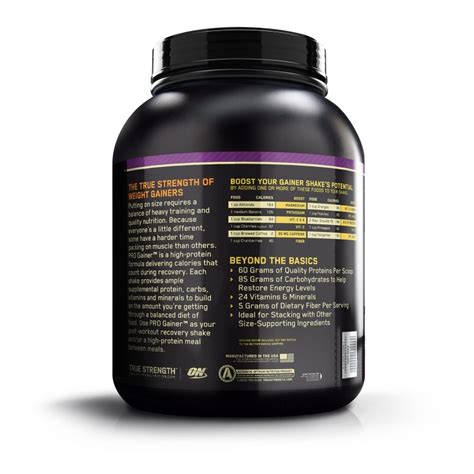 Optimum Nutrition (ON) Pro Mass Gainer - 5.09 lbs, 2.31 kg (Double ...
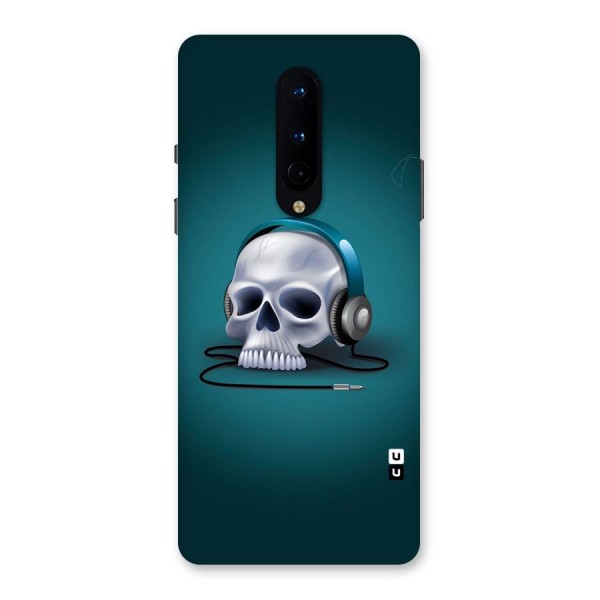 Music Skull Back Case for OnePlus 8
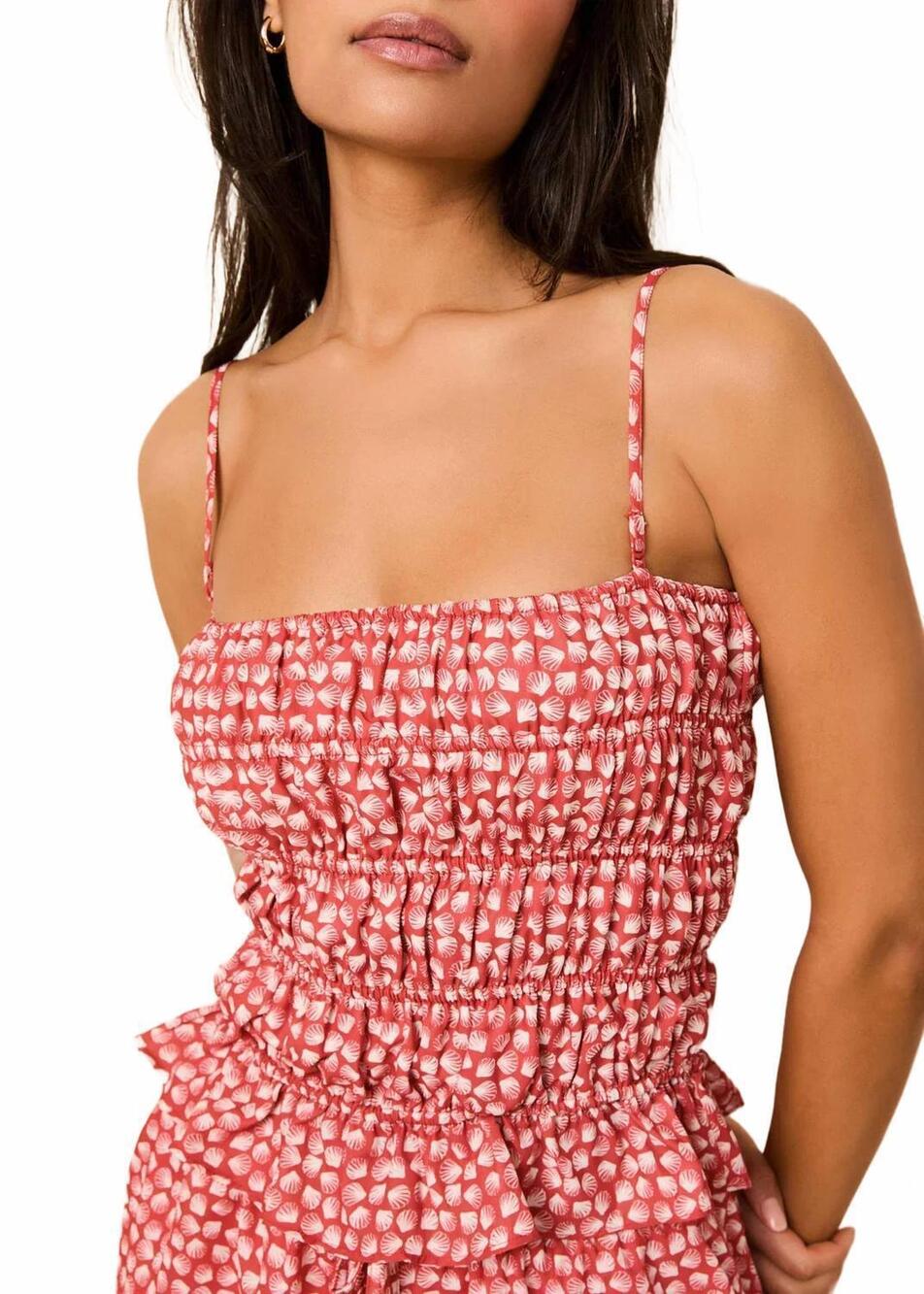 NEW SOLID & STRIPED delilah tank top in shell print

= = =

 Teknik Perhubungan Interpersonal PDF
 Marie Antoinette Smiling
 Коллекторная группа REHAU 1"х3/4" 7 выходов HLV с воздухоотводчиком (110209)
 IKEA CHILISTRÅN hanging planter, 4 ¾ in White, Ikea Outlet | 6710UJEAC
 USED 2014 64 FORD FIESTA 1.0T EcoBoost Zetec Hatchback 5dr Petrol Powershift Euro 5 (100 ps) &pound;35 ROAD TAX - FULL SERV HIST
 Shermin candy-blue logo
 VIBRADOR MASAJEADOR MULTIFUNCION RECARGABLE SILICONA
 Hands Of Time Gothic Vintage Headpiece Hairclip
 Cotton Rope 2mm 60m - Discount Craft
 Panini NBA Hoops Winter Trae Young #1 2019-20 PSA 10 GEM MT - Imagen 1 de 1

= = =

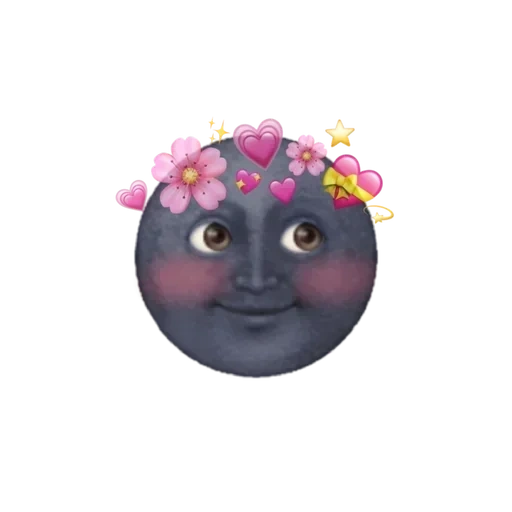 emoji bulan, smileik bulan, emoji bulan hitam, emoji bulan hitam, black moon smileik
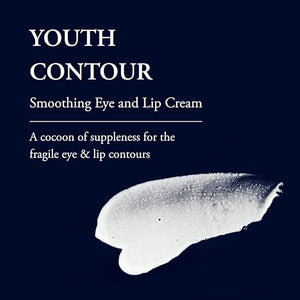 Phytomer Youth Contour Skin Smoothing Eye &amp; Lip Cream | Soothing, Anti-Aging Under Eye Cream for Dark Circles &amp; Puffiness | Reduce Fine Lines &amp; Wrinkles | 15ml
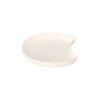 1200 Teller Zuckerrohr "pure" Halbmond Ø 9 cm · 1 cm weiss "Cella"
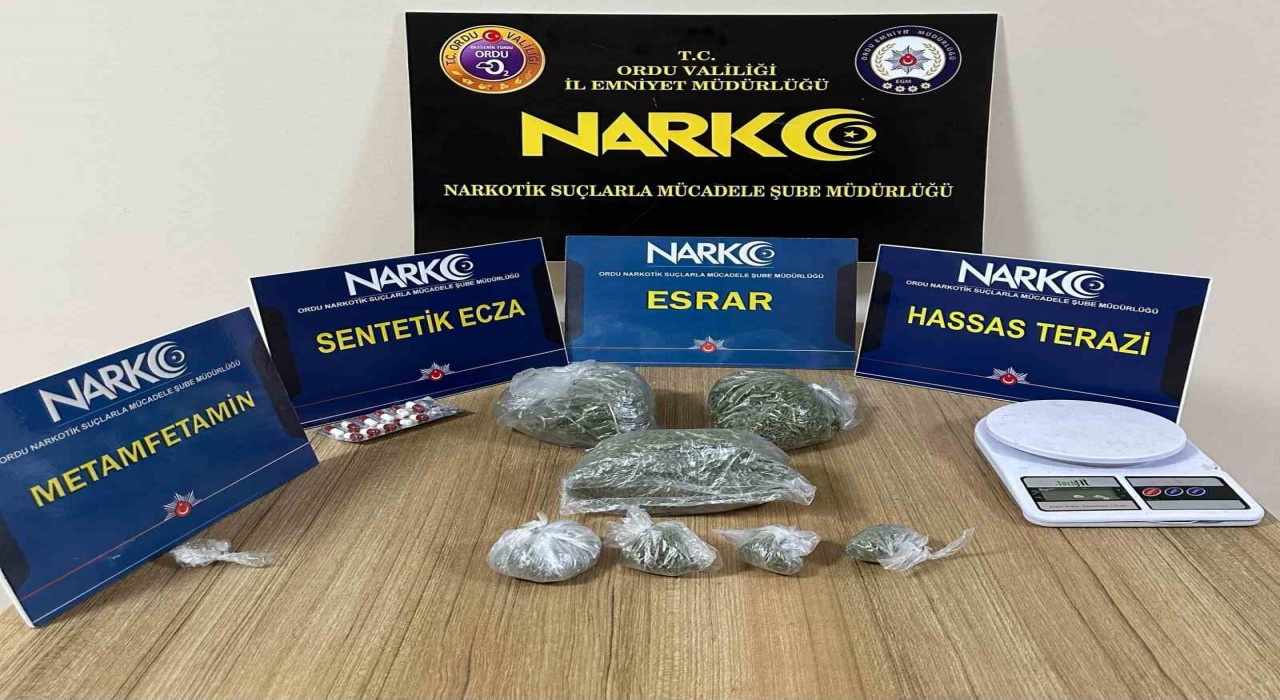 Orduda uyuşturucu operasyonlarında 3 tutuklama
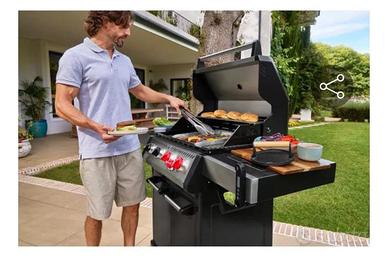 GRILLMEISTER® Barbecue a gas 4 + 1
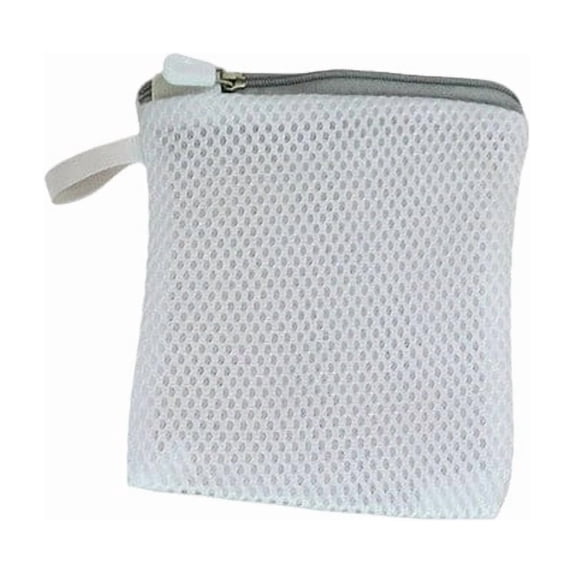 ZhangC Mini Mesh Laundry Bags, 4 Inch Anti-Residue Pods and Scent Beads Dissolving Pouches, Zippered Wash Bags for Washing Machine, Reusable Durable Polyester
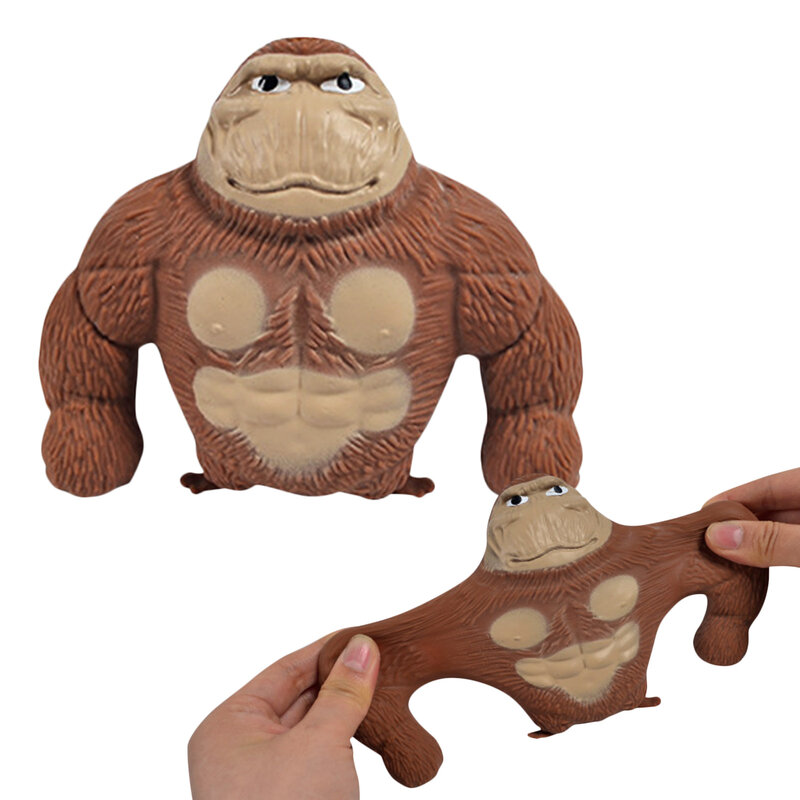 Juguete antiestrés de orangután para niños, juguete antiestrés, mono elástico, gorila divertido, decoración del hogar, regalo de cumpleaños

= = =

Look in the material above for the line with "Teknik Perhubungan Interpersonal PDF" and the line with "Panini NBA Hoops", and transcribe exactly those lines and all lines between them, nothing more.

 Teknik Perhubungan Interpersonal PDF
 Marie Antoinette Smiling
 Коллекторная группа REHAU 1"х3/4" 7 выходов HLV с воздухоотводчиком (110209)
 IKEA CHILISTRÅN hanging planter, 4 ¾ in White, Ikea Outlet | 6710UJEAC
 USED 2014 64 FORD FIESTA 1.0T EcoBoost Zetec Hatchback 5dr Petrol Powershift Euro 5 (100 ps) &pound;35 ROAD TAX - FULL SERV HIST
 Shermin candy-blue logo
 VIBRADOR MASAJEADOR MULTIFUNCION RECARGABLE SILICONA
 Hands Of Time Gothic Vintage Headpiece Hairclip
 Cotton Rope 2mm 60m - Discount Craft
 Panini NBA Hoops Winter Trae Young #1 2019-20 PSA 10 GEM MT - Imagen 1 de 1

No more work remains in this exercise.